Suite à un recours gracieux du 12 novembre 2004, le bourgmestre confirma sa décision de refus par lettre du 16 novembre 2004.
En date du 25 novembre 2004, les époux …-… s’adressèrent au médiateur et sur intervention de ce dernier, le bourgmestre confirma à nouveau sa décision de refus par courrier adressé au médiateur le 23 mars 2005.
Par requête déposée au greffe du tribunal administratif le 16 juin 2005, les époux …-… ont fait introduire un recours tendant à l’annulation des décisions précitées du bourgmestre de la commune de Rosport des 26 août 2004,16 novembre 2004 et 23 mars 2005.
En ce qui concerne le respect du délai d’introduction du recours, les demandeurs concluent en premier lieu à la recevabilité de leur recours, en faisant valoir que les décisions du bourgmestre ne contenaient pas d’indications quant aux voies de recours à exercer.
L’article 14 du règlement grand-ducal du 8 juin 1979 relatif à la procédure à suivre par les administrations relevant de l’Etat et des communes dispose que « les décisions administratives refusant de faire droit, en tout ou en partie, aux requêtes des parties, révoquant ou modifiant d’office une décision ayant créé ou reconnue des droits doivent indiquer les voies de recours ouvertes contre elles, le délai dans lequel le recours doit être introduit, l’autorité à laquelle il doit être adressé ainsi que la manière dans laquelle il doit être présenté ».

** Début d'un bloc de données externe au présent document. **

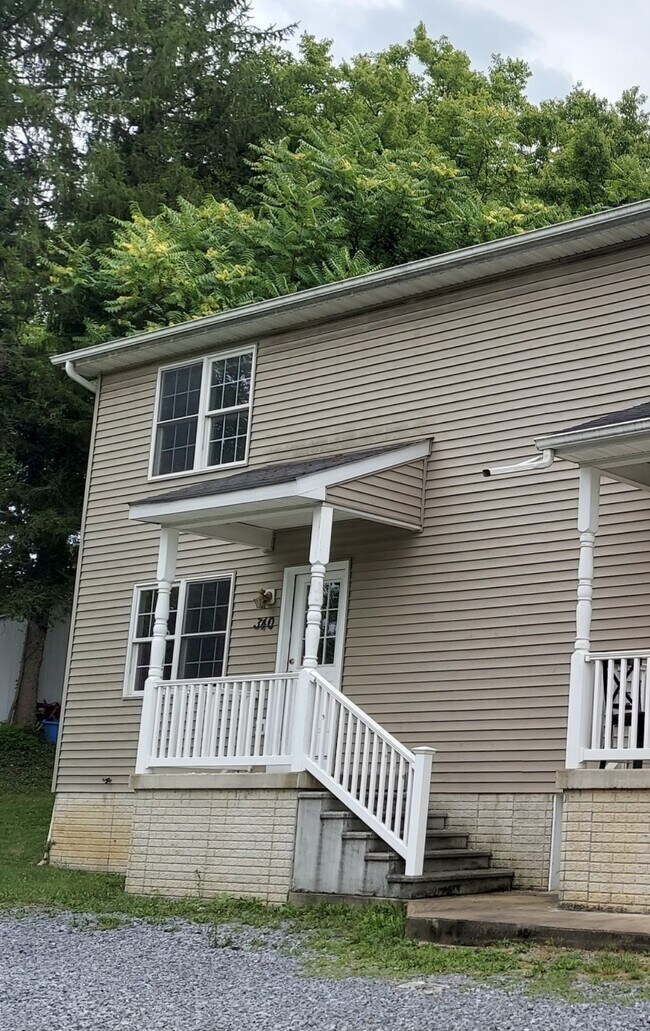 Entrada por la calle W. German. - 340 W German St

La disposition précitée fait obligation à l’administration d’informer l’administré des voies de recours. L’omission, par l’administration, d’informer l’administré des voies de recours contre une décision administrative entraîne que les délais impartis pour les recours ne commencent pas à courir (trib.adm. 26 janvier 1998, n°10244 du rôle, Pas.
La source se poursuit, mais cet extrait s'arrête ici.